As usual remember to leave a comment and you'll be entered into a prize draw to win an eBook copy. Take it away, Gina.
Hi Kiru and thanks so much for inviting me to be here today and for the opportunity to talk to readers about my brand new release ‘Life After 6 Tequilas’ (Thornberry Publishing, 4 March 2013). Essentially, this story is a romance, loaded with conflict and injected with humour – a kind of ‘chick lit with issues’ and ‘unlikely opposites attract’ scenario that I hope you’ll all enjoy.
Beth Johnson’s sole quest in life is to pursue her career so she can provide the best care possible for her baby son, Jacob. She’s a single mum in London with a sympathetic boss and the full, loving support of her parents. She’s upbeat, organised and in control. Life is good. Life is happy.
What could possibly go wrong?
Beth’s meticulous childcare system collapses ‒ that’s the first thing of many ‒ at the worst possible moment and the nanny agency provides her with their sole option, Georgian migrant carpenter, Davit Kacharava. As looks go, he’s a hunk, but he’s lacking in every other department. He’s the wrong sex, speaks dodgy English, and although he’s a regular all-round nice guy, he has no relevant childcare experience. Culturally, he’s way off the radar. Worse, he’s a total stranger.
A temporary arrangement, that’s all it is, although conflict vs attraction play havoc with Beth’s common sense.
She takes the plunge and soon finds she is drawn to empathetic, housetrained Davit.
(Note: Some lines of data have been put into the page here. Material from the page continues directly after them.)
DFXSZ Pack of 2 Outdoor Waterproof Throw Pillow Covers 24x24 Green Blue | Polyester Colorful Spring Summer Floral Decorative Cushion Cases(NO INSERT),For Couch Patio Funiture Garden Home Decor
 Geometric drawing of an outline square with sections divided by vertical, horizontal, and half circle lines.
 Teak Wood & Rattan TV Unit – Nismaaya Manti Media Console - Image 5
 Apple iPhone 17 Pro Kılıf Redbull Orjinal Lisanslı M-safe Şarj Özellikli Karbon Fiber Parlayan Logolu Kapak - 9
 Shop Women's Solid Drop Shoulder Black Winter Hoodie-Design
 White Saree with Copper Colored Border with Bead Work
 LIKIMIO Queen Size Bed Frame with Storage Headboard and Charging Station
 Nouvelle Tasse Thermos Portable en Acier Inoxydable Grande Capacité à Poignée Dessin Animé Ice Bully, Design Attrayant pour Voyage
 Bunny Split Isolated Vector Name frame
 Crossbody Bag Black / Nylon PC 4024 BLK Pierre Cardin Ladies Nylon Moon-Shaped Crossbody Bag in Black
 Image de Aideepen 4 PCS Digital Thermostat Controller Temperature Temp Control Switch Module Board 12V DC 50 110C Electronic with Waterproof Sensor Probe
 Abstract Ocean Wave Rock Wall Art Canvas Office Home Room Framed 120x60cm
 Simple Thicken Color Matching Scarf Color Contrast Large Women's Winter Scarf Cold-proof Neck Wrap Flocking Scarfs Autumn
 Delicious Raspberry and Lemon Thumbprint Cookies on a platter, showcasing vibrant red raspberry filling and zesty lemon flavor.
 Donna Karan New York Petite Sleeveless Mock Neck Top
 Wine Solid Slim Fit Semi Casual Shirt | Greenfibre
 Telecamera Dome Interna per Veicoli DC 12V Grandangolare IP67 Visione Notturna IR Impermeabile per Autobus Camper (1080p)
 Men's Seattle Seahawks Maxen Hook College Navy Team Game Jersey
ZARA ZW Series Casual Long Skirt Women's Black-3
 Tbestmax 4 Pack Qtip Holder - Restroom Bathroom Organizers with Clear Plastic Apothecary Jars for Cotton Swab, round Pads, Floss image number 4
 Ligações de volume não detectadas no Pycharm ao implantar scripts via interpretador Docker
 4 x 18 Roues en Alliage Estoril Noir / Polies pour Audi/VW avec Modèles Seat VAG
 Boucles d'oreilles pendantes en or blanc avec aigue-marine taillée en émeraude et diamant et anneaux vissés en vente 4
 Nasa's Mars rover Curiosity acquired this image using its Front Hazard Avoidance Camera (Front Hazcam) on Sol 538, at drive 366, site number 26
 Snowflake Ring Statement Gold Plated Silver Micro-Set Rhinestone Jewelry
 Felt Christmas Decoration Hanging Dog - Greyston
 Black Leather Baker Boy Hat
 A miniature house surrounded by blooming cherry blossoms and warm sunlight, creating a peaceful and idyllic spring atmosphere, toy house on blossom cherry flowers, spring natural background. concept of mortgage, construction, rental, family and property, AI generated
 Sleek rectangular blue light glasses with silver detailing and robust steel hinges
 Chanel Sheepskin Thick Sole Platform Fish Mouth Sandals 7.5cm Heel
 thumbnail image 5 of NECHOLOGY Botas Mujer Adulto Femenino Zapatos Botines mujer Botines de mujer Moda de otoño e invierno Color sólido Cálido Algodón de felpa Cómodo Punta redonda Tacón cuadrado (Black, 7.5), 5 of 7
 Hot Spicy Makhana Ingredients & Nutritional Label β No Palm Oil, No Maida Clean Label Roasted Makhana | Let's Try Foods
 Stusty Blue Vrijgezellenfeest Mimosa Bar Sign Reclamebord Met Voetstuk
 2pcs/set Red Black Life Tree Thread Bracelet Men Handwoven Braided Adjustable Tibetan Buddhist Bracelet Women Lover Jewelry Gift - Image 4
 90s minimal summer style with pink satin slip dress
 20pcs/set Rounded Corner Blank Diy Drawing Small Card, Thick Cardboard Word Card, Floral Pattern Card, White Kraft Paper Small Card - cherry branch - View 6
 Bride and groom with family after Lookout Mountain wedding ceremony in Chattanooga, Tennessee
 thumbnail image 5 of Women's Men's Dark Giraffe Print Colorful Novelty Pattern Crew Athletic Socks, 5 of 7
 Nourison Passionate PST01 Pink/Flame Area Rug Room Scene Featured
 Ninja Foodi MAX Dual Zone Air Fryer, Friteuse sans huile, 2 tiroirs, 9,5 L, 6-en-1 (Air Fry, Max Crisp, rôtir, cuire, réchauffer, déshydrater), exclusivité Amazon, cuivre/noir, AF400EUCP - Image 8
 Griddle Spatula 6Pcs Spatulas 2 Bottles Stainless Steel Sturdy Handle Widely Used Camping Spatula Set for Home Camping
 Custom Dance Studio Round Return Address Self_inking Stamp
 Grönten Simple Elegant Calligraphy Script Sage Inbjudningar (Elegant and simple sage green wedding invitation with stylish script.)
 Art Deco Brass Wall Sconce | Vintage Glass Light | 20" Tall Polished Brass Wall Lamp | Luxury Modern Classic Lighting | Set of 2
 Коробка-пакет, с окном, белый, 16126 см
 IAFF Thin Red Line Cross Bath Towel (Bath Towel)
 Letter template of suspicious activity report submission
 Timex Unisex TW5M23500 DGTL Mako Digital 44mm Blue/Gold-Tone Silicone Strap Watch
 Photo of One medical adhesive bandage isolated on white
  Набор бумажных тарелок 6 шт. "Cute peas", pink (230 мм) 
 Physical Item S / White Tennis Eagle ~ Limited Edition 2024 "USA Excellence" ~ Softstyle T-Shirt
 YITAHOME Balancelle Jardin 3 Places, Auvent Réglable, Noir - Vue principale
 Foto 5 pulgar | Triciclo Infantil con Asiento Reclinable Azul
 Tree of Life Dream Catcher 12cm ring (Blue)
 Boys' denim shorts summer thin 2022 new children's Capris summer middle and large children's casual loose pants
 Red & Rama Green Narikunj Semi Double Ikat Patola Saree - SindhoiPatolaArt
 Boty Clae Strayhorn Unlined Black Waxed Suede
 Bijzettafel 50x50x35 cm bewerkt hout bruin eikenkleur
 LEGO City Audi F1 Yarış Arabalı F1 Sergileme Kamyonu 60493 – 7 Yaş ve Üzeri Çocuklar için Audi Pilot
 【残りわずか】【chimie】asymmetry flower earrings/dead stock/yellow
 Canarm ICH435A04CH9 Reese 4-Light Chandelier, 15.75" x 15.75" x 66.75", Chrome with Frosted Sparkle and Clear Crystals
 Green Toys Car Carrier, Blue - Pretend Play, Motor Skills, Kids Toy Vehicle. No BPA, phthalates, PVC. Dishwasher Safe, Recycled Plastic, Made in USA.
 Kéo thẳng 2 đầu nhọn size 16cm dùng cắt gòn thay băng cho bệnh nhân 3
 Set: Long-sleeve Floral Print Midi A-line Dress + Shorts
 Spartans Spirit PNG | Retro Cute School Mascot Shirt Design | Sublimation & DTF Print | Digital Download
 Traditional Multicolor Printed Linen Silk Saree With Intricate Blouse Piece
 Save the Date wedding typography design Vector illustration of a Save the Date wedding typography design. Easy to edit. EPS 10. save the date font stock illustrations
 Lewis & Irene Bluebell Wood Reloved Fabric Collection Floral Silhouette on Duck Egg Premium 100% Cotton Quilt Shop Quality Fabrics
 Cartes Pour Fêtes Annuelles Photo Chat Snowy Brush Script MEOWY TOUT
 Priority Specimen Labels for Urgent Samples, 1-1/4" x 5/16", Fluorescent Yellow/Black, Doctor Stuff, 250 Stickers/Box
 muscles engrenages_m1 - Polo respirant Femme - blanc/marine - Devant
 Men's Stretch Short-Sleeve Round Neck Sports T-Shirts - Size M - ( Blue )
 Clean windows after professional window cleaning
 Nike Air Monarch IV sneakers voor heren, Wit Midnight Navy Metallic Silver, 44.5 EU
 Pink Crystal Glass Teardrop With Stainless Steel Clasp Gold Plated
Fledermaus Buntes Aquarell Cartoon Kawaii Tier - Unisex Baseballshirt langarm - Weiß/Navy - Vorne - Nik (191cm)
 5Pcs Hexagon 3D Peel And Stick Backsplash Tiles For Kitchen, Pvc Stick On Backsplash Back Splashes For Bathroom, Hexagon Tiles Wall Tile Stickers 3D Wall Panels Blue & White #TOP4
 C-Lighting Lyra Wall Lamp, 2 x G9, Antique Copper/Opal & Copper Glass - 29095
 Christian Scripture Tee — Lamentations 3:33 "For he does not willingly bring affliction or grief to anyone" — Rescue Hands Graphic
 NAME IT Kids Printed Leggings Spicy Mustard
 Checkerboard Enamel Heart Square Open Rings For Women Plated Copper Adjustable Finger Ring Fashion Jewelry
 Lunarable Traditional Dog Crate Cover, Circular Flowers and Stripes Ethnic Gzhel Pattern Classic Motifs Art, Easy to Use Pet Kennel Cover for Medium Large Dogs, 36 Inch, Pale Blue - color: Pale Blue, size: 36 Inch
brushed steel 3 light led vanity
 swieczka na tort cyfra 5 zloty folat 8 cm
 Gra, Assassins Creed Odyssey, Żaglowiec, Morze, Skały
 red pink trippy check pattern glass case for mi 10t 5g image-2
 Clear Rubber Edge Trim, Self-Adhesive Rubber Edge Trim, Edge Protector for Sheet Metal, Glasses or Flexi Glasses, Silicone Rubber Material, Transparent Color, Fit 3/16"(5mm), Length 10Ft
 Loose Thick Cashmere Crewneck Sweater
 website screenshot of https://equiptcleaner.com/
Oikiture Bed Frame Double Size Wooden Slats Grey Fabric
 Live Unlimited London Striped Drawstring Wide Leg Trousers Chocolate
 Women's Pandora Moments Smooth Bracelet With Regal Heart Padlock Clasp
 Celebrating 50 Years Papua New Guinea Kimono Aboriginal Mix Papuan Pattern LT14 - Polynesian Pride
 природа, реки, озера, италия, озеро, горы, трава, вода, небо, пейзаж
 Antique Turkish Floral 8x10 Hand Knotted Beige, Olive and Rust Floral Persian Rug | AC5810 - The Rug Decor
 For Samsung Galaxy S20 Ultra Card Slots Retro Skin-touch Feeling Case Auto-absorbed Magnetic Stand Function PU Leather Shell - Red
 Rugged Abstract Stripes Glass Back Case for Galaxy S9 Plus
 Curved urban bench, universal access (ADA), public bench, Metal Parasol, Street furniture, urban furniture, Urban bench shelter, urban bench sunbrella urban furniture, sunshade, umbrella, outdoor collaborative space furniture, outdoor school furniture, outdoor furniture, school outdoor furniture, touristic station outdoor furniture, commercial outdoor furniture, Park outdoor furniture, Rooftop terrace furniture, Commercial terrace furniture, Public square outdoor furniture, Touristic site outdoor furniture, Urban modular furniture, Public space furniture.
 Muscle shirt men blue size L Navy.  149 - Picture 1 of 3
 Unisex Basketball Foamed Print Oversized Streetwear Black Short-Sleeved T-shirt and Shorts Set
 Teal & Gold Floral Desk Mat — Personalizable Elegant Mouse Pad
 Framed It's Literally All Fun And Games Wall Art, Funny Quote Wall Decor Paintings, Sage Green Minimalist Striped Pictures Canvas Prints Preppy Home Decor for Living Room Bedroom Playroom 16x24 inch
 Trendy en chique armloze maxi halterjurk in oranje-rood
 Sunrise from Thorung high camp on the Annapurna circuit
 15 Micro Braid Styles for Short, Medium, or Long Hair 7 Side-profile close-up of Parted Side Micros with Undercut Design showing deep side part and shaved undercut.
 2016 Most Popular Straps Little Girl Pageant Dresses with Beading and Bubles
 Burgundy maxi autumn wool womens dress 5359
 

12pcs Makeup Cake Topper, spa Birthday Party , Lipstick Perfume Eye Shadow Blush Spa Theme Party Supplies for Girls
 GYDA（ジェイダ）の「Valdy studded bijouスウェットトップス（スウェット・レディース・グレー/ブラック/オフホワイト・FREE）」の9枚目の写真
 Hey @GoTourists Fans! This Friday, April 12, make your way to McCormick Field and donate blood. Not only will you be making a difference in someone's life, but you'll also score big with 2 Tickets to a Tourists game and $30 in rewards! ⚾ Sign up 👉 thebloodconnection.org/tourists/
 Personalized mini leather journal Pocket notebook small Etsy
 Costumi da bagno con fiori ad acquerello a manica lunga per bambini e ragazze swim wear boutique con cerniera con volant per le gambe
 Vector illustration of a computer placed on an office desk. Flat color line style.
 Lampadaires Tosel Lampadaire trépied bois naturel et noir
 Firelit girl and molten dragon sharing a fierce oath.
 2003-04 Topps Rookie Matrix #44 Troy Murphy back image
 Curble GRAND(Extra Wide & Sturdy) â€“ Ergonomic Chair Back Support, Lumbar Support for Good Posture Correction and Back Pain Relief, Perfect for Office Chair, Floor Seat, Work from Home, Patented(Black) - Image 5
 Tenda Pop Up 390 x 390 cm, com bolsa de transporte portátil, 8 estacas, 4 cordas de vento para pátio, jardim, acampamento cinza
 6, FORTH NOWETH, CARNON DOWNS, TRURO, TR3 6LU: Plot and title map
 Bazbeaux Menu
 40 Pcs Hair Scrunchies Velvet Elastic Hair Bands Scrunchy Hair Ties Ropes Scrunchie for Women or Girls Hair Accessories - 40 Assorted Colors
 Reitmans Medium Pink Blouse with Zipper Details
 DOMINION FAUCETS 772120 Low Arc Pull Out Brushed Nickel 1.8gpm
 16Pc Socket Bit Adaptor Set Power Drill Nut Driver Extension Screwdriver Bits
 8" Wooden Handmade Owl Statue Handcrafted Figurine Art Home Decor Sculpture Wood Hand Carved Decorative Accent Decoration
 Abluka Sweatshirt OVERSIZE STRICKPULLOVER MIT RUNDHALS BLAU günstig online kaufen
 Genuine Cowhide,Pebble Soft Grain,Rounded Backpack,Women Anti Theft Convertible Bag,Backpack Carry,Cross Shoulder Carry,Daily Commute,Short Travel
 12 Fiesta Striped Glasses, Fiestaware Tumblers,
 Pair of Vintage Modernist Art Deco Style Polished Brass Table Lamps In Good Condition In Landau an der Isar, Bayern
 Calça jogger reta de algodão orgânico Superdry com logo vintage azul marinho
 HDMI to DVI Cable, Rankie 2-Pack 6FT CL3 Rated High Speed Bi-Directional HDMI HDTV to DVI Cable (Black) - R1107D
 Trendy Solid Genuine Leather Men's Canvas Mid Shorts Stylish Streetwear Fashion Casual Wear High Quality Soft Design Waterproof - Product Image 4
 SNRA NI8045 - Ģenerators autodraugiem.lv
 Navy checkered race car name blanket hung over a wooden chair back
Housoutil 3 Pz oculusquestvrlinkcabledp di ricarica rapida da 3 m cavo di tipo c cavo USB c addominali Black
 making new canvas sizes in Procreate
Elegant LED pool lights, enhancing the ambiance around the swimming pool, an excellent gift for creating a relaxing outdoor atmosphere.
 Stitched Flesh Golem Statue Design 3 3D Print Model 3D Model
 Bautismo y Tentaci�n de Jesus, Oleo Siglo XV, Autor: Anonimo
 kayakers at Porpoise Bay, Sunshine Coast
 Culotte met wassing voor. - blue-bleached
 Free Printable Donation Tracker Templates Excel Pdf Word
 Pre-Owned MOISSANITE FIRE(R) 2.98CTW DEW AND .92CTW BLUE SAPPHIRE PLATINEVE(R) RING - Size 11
To him, Beth is a princess. To Beth, Davit is a support system she’s sorely missed, even though she’s suppressed the need. He’s a strong, straightforward, honest guy, reliable and protective – baby Jacob loves him and Davit (did I mention he’s gorgeous?) loves Jacob right back.
Why wouldn’t life be perfect for the three of them from here on in?
Sparks don’t fly, that’s why. Davit’s honesty ethic becomes the stumbling block when Beth reveals a secret that shadows her life – a secret with which Davit cannot live ‒ and their fledgling relationship teeters. It’s up to Beth to get it back on track, but can she do what she must do, before it’s too late?
‘Life After 6 Tequilas’ is available in ebook right now, and will shortly be released in paperback format.
Baby Jacob crawls towards me and pulls himself up to a wobbly standing position. Clutching my skirt with one hand, he reaches up with the other.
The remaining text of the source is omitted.